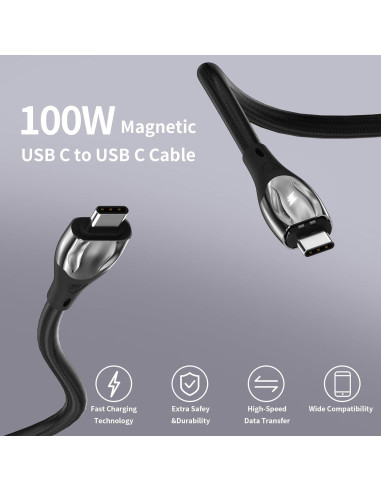 Cable de Carga Magnético USB C 100W CNakdDG 1m/2m/2m Negro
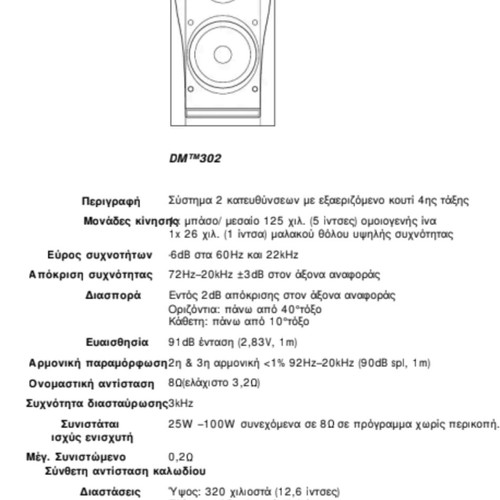 B&W DM 302 speakers like new, 100 watt, 8 ohm, 91db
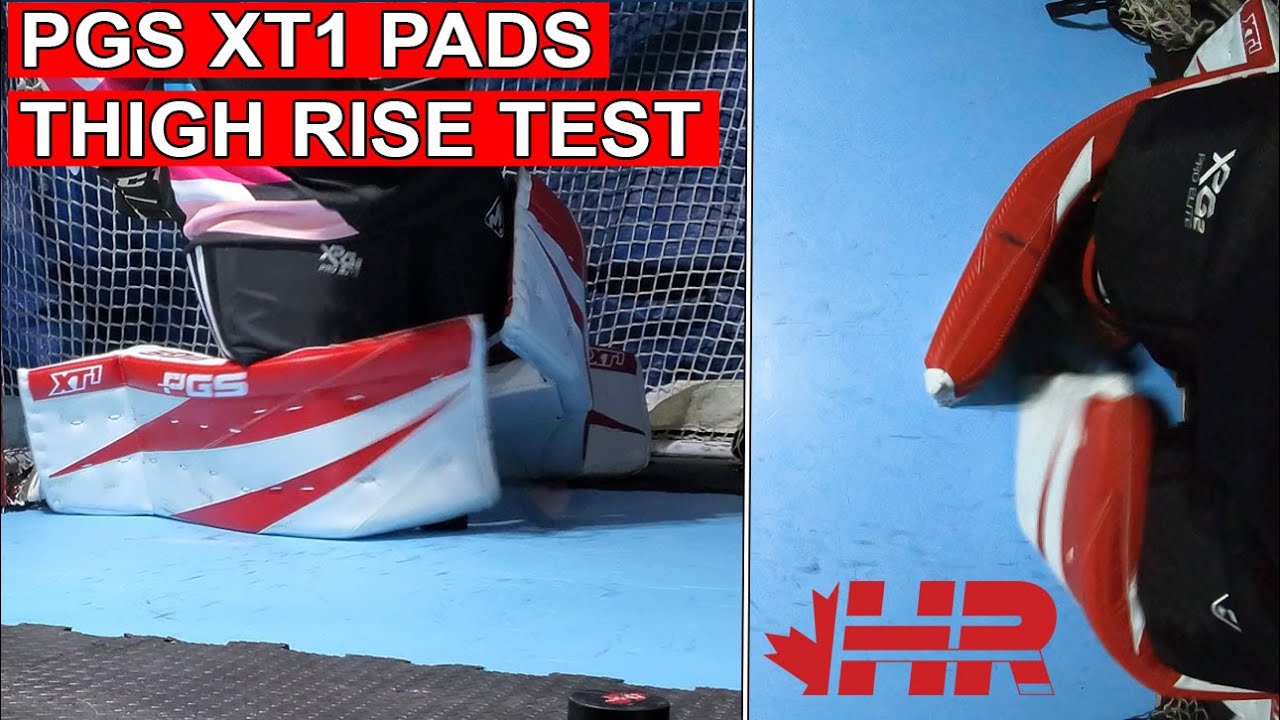 Pad Rimskej Rise PGS XT1 hockey goalie pads thigh rise test - YouTube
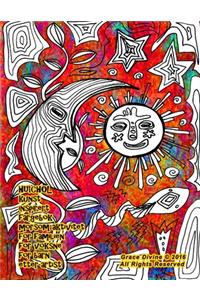 kunst inspirert fargebok morsom aktivitet for familien for voksne for barn etter artist Grace Divine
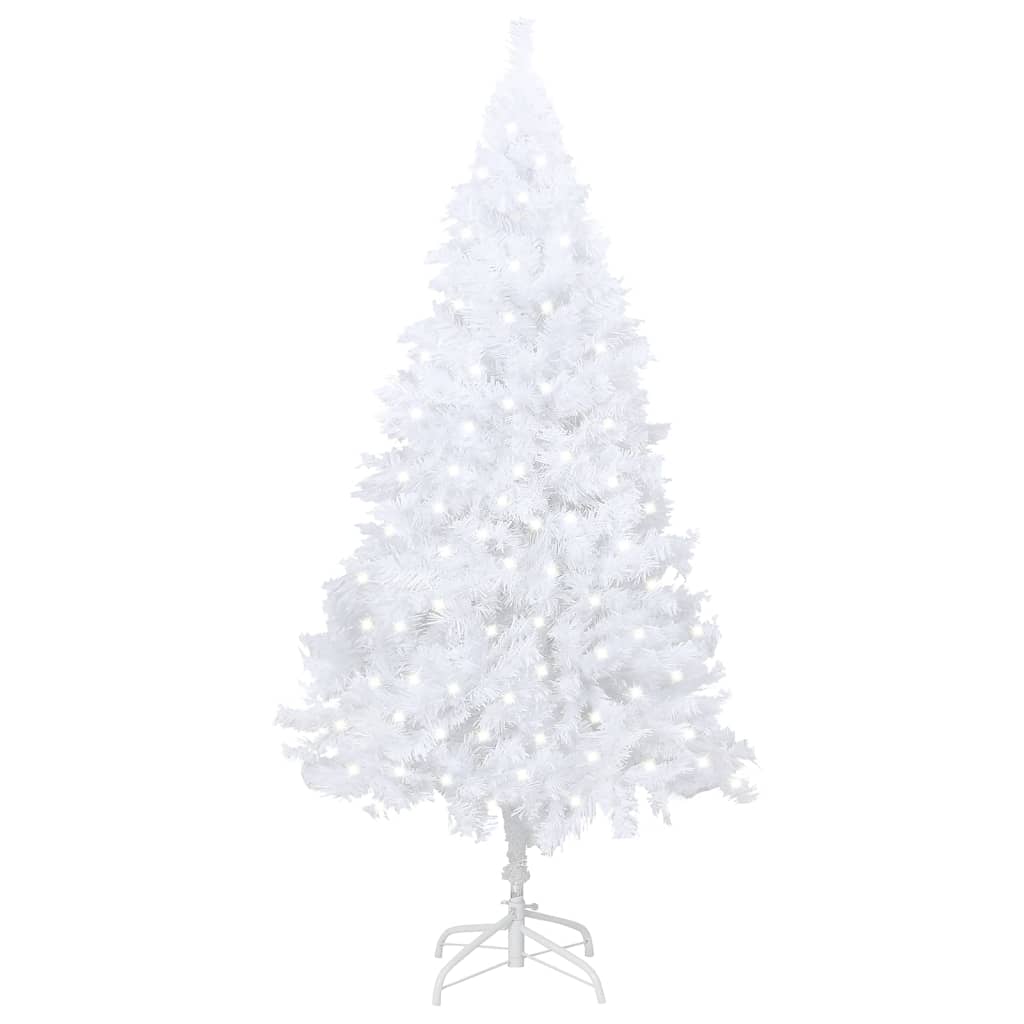 vidaXL Umjetno osvijetljeno božićno drvce gustih grana bijelo 240 cm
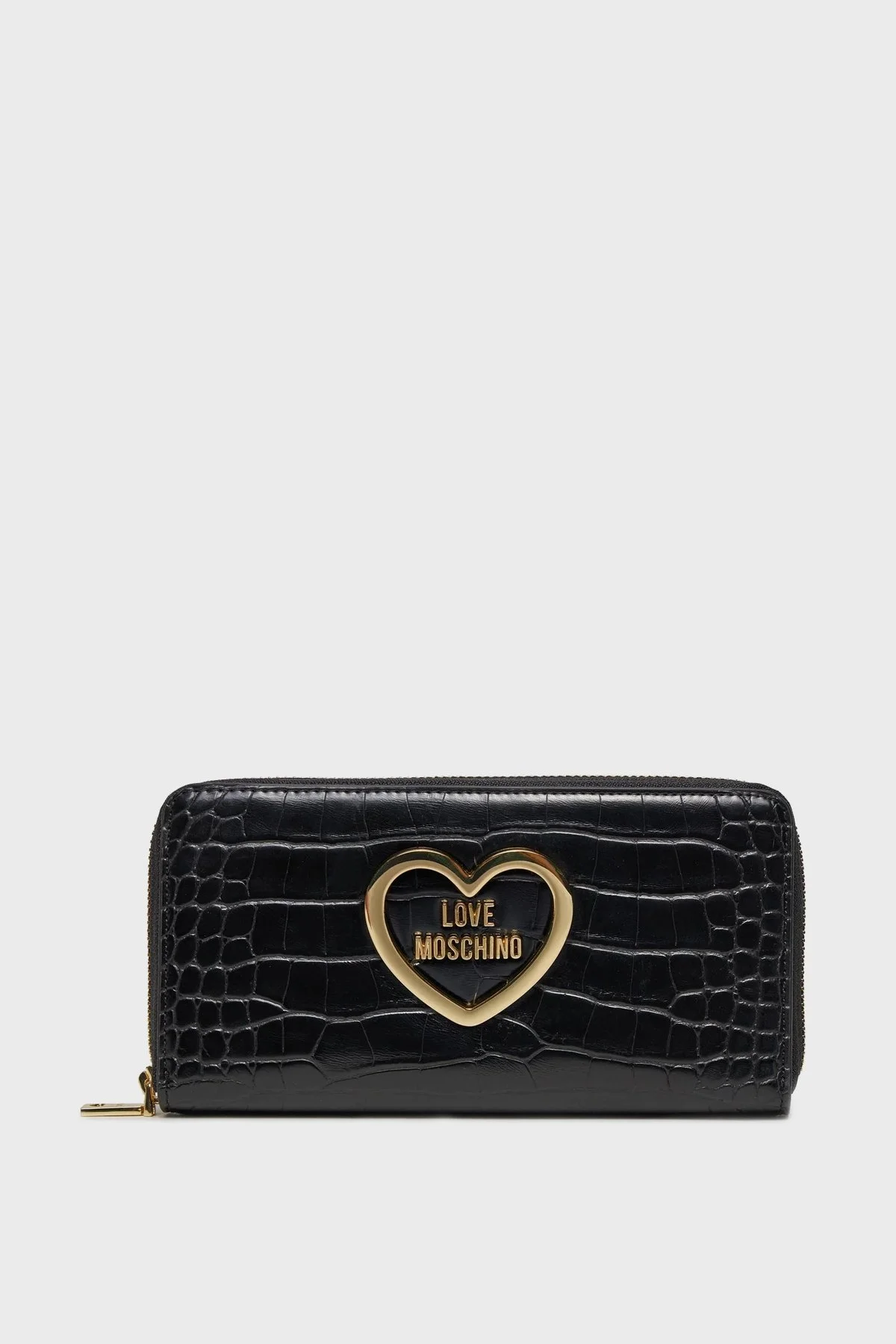 Love Moschino Krokodil Desenli Fermuarlı Bayan Cüzdan JC5711PP0HKC0000 SİYAH - 1
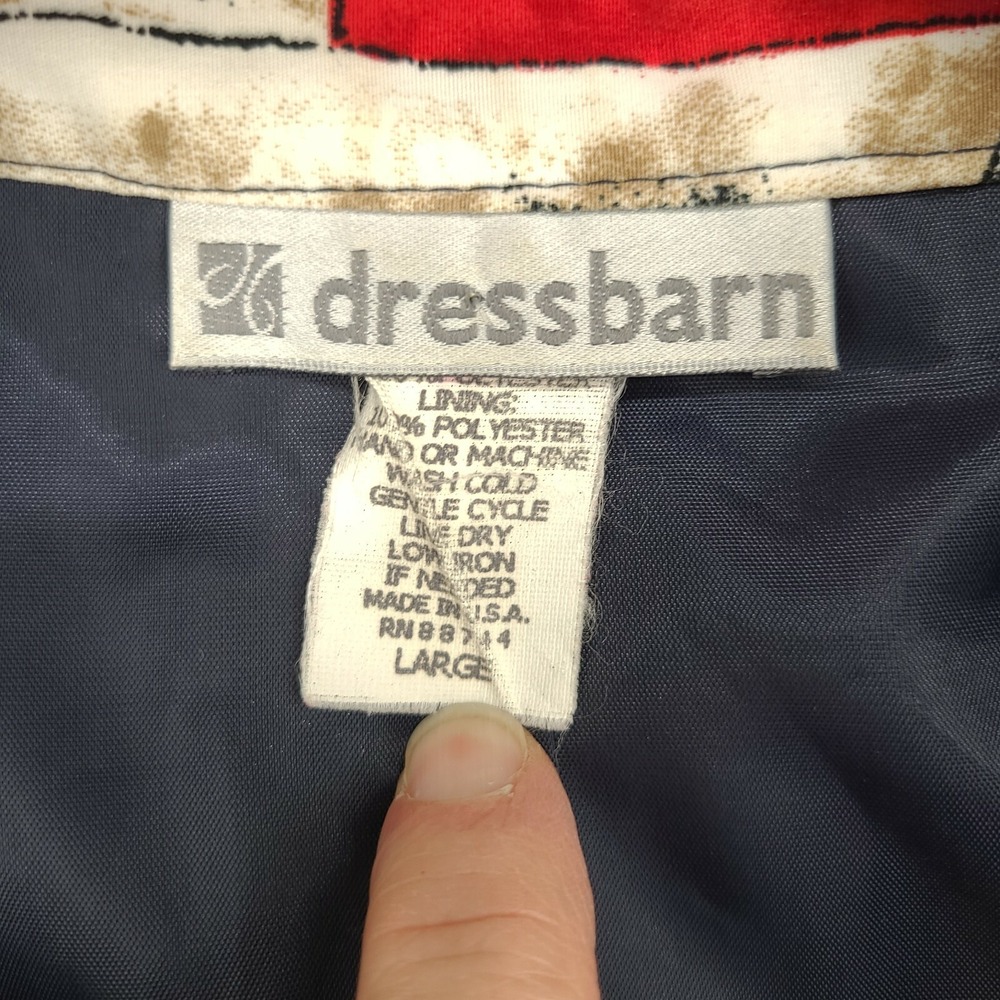 Dressbarn Womens Blazer Size Large Multicolor Colorblock Lined Made in USA VTG - Picture 3 of 7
────────────────────
• **Assignment**: Every line of the data is to be transcribed exactly, and no picture is to be included.

• **Response**:
 Cable de Carga Magnético USB C 100W CNakdDG 1m/2m/2m Negro
 B&W DM 302 speakers like new, 100 watt, 8 ohm, 91db
 Pad Rimskej Rise PGS XT1 hockey goalie pads thigh rise test - YouTube
 kunst inspirert fargebok morsom aktivitet for familien for voksne for barn etter artist Grace Divine
 vidaXL Umjetno osvijetljeno božićno drvce gustih grana bijelo 240 cm
 Love Moschino Krokodil Desenli Fermuarlı Bayan Cüzdan JC5711PP0HKC0000 SİYAH - 1
 Dressbarn Womens Blazer Size Large Multicolor Colorblock Lined Made in USA VTG - Picture 3 of 7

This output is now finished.